The match lasted for a total of one hour and forty-one minutes, but it must have appeared much longer to Cilic who was facing physical discomfort during the second set itself. Cilic broke into tears due to a blister on his left foot during the second set of the match. It was sad for the Croatian as he was limited by an injury in the first-ever Wimbledon Finals of his career. What made it worse for Cilic was that he was up against Roger Federer who was playing his 11th Wimbledon Finals.
While Federer was dominating the second set 3-0, Cilic was being attended by a doctor, the tournament referee and the supervisor as he sat on his chair with tears in his eyes. The inevitability of the outcome must have become clear to Cilic as he fought through the pain to put up a fight that was destined to be registered as a losing cause.
But for the Swiss Champion, it couldn’t have gotten any better. After the six months break, Federer had returned to win both the Australian Open and the Wimbledon. The victories put Federer at the joint-fourth position on the all-time list with Helen Wills Moody with 19 Grand Slams. He is now only five behind Margaret Court.
Fourteen years after his first Wimbledon victory, Federer surpassed Pete Sampras and William Renshaw who were first on the list of most Wimbledon titles (Mens) jointly. Now, Federer is only one behind Martina Navratilova who has nine titles. He also became the oldest man in the Open era to win at the All England Club.
But the list of records broken by Federer in this match does not end here. After not dropping a single set in his Finals victory, he became the first man to do so after Bjorn Borg in 1976.
With a fantastic ace down the middle, Federer looked at his family and team as he welled up. These were moments of celebration for the Swiss and his entire family was there to share it with him.

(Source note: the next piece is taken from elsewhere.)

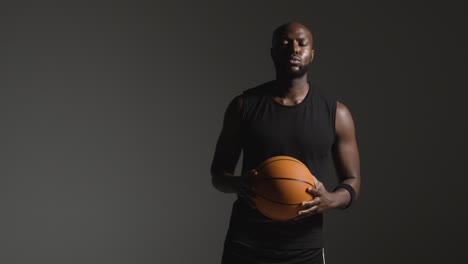 retrato de estudio de un jugador de baloncesto caminando hacia la cámara sosteniendo el balón
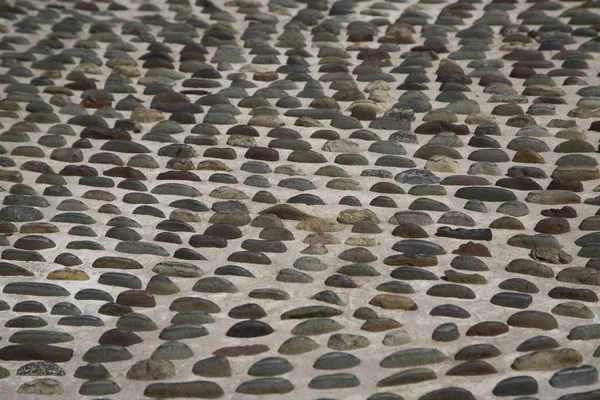 美しいユニークな石畳の通路の素晴らしい背景 — ストック写真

His wife Mirka and his four children were ecstatic in the stands at Federer’s marvelous achievement.
“I think the younger twins think this is a nice view and a nice playground – hopefully one day they’ll understand. They come for the finals. It’s a wonderful moment for the family and my team. This one is for us. Thank you to Wimbledon, thank you Switzerland”, said Federer.
Expressing his sympathies towards Cilic, Federer added, “It is cruel sometimes. But Marin fought well and is a hero, so congratulations on a wonderful tournament.”